Input records START

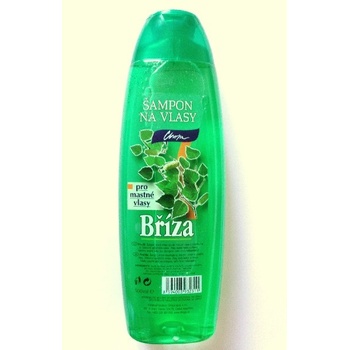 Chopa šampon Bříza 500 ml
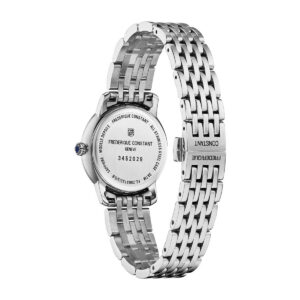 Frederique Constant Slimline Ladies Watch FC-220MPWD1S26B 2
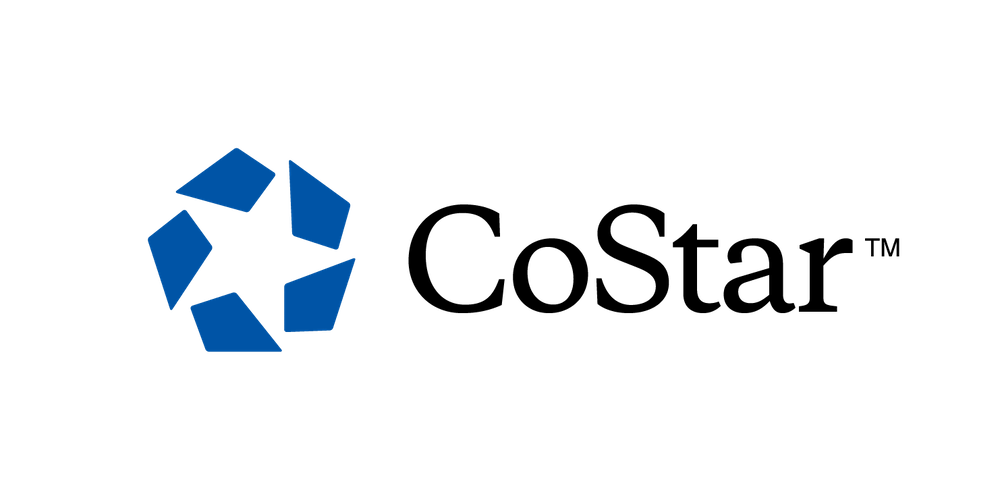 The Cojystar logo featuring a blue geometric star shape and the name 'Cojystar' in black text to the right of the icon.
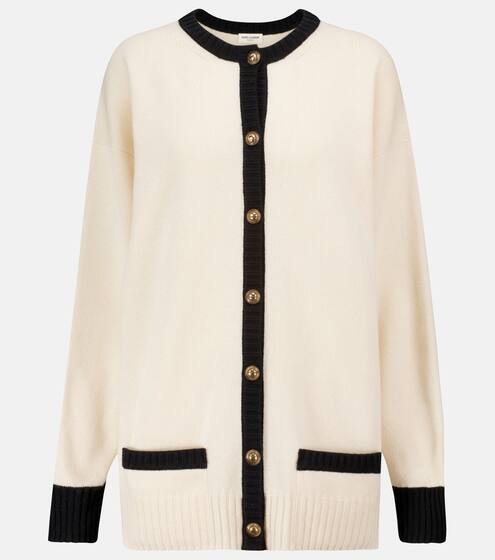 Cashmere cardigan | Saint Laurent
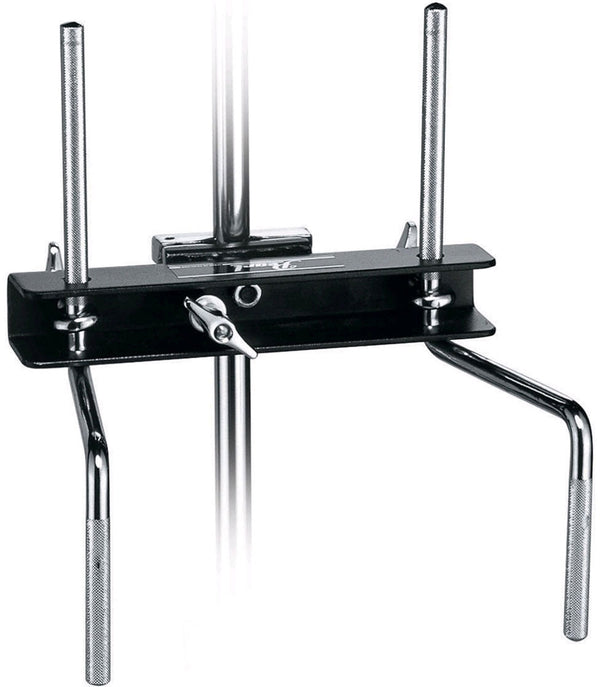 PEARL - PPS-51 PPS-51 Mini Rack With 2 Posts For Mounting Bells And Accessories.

Input records END

## Work to complete
Each record must appear again exactly as written above, without its pictures.

## Your response
 Chopa šampon Bříza 500 ml
 Frederique Constant Slimline Ladies Watch FC-220MPWD1S26B 2
 The Cojystar logo featuring a blue geometric star shape and the name 'Cojystar' in black text to the right of the icon.
 Cashmere cardigan | Saint Laurent
 PEARL - PPS-51 PPS-51 Mini Rack With 2 Posts For Mounting Bells And Accessories.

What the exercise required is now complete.